I’m depressed. I’m dragging myself out of bed in the mornings and sitting slumped over a half-eaten dish of overnight oats in my tear-stained dressing gown while I stare wistfully through the grubby windows, each grimy smear illuminated by a low November sun. My life feels empty somehow, the days unravelling into a half-baked eternity like an ever-so-slightly-runny batter.
Yep, The Great British Bake Off 2018 has drawn to a close. The sun has set on all those pistachio-flavoured Genoese sponges as surely as night follows day.
I’ve become addicted to the show over the past few months, finding myself slack-jawed in front of the box every Tuesday evening, entranced by Rahul’s ghugni chaat tartlets or Briony’s apple-cider empire biscuits. Nothing was allowed to interrupt my viewing pleasure; a really excellent plot line for my as-yet-unfinished novel could have been limping around the kitchen with a sign on its back saying “write me”, and I still wouldn’t have budged.
I was especially fond of the Bake Off "signature challenge", a segment of the show where contestants were asked to create a cake that resonated personally. You know the kind of thing I mean: a squashed chocolate hedgehog for the taxidermy enthusiast in your life, or a birthday cake for raging old Auntie Doris made out of empty gin bottles and lipstick-stained fag ends, finished with a bitter-word ganache.
Oh, but I shouldn’t look back. It’s time to wake up and smell the coffee cake, and accept it’s going to be a whole year without the thrill of watching someone achieve perfect penetration with their drizzle.
All good things come to an end, eh? The show is crusted and dusted for another season, the tent poles have been taken out of the baking-hot marquee. Prue Leith has put her chunky necklaces back in the toy box, Paul Hollywood has taken out his coloured contact lenses and fired them into the back of the bread bin, and the sad truth is that Tuesdays have just got a little colder. What are we to do without Bake Off's good clean fun?
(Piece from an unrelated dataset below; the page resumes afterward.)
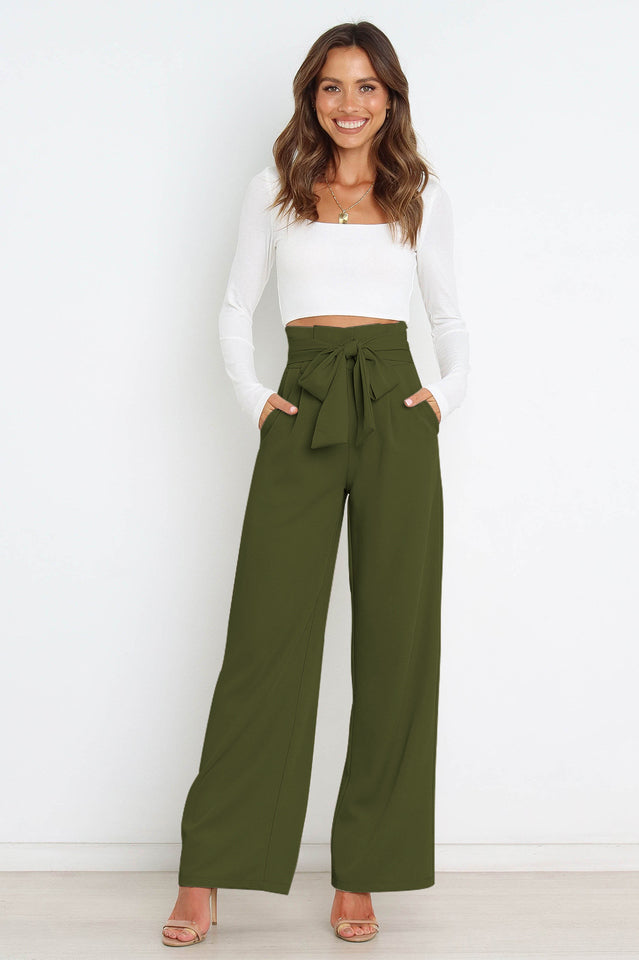 All-Matching Belted Wide-Leg Trouser | Dress In Beauty All-Matching Belted Wide-Leg Trouser | Dress In Beauty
What viewing pleasure can possibly compete with all that moistness and stiffness and finger-licking buttery creaminess, whipped up over a soggy bottom?
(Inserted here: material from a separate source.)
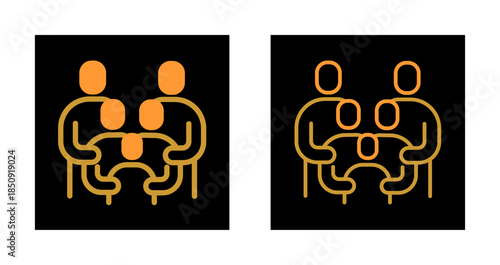 Family Reunion Icon Design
Maybe our national broadcaster could produce a series of its own, something quintessentially Irish to stir our damp souls and make our imaginations stand up in stiffened peaks. (Though overheads would have to be low, obviously, given the smaller size of our bedraggled population.) A home-grown contest would need to be something that engages the Irish psyche without requiring quite so many eggs and refrigerators, so maybe RTÉ could buy a second-hand yurt, fill it with empty coffee cups, balled-up paper and blunted pencils, throw in a blast of dry ice (to represent a smattering of existential anxiety) and bring us ‘The Great Irish Write Off’.
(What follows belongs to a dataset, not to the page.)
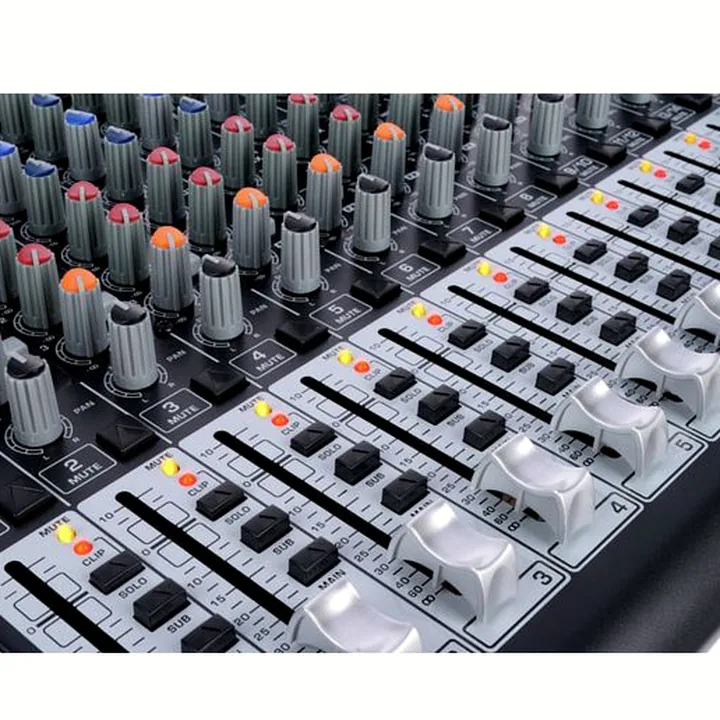 Avis, Test : Behringer Xenyx QX2222USB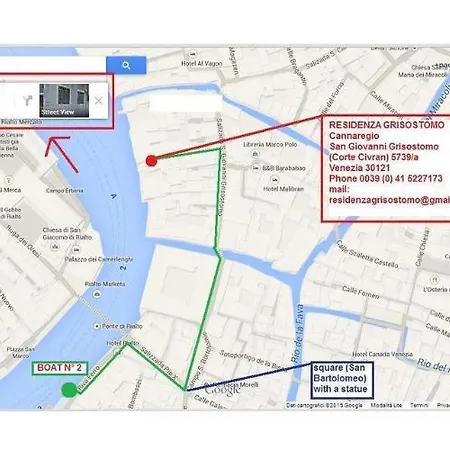 Residenza Grisostomo Guest house Venice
It’s not like we’d run out of contestants; the country is stuffed full of aspirant writers, with Booker prizes stacking up like pancakes and groundbreaking new Irish novels dropping out of the skies like spent geese.
Heartfelt reminiscences
You could get Marty Morrissey and Dana to present GIWO and every week there’d be a technical challenge, such as the careful use of the past participle or heartfelt reminiscences that must include mothers, nuns, bogs and inland waterways. And there could be themed weeks when the writers are asked to produce snappy pieces of flash fiction about losing one’s virginity to a married actor under a dusty St Brigid’s cross.
I don’t know though, it might never catch on. People probably prefer cake to art. Cake generally makes people happy, while art can kind of make people want to have a nap.
Or how about a programme with both cake and art? The Great Irish Bite and Write Off perhaps, or The Great Irish Colon and Cake Off?
Contestants could produce edible show-stoppers inspired by all those gender-biased souvenir tea towels inked with faces which suggest that the only real Irish writers are dead male ones. Or else they could make Wildean tea cakes liberally sprinkled with aphorisms. Or Brendan Behan banana bread spiced with the vernacular. Or a Beckettian Black Forest gâteau with a single tree as a centrepiece, or Joycean Gorgonzola and Burgundy tartlets . . .
Or maybe forget it. I think I’ll just sit on the couch for a year in my fetching grey leggings and wait for Paul and Prue to pop out from behind the test card.